The proposed project would include living facilities for aging adults in all calibers of life from active to assisted, as well as healthcare from physical and occupational therapy to home nursing and personal services, medication management and many services in between.
“When you look at some of the background information, many people are not aware that those people 65 and older, by 2026 you’re going to see that population double to 71.5 million people,” Saling said. “And between 2007 and 2015 those people who are 85 and older are going to increase by 40 percent, so we’ve got obviously an aging population.”
“But the critical area that I was surprised in doing this research was those people that are reaching the age of 65 today — 69 percent are going to require a long-term health care,” he said.
Saling said 78 is the average age for seniors to move into adult facilities. “We see this project as an opportunity to lower that age by combining the healthcare community with the hospitality community,” he said.
Combining healthcare with hospitality, the proposal would include a wide range of services and include an abundance of on campus activities; such as an indoor pool and fitness center, professional entertainment, clubs and activities, similar to Lanier Village in Hall County, which caters to an active adult community.
Residents would also be able to choose from campus style housing to cottages and condos, with options to lease or purchase. Monthly fees would include meal service and maintenance for the property, and residents would also be responsible on an a la carte basis for any healthcare services they might need.
Long-term medical fee programs would also be available.
Saling said while he has spent many months working with professionals in the industry, none of the preliminary plans are set in stone.

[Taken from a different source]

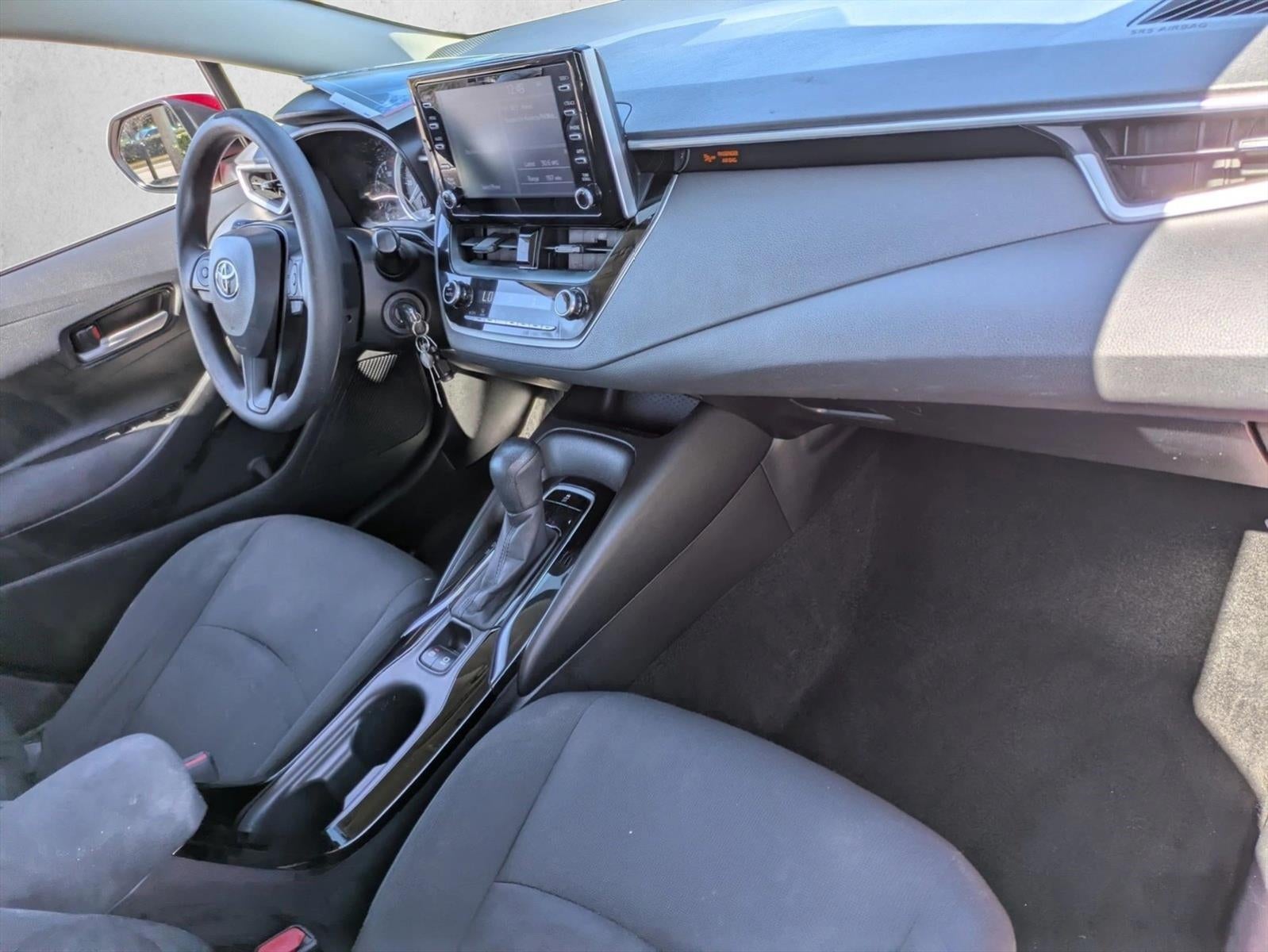 2020 Toyota Corolla LE CVT (Natl)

“My recommendation is to go ahead and have a series of public presentations to basically give an overview to the public. Then if you have an interest in being involved in the focus group, you sign up at the end of the session and you’ll be invited to participate in the focus group,” Saling said.
Saling conducted a session to introduce the project to the community on Tuesday with the intent to engage those interested in participating in focus groups scheduled to begin meeting Sept. 23 and 24.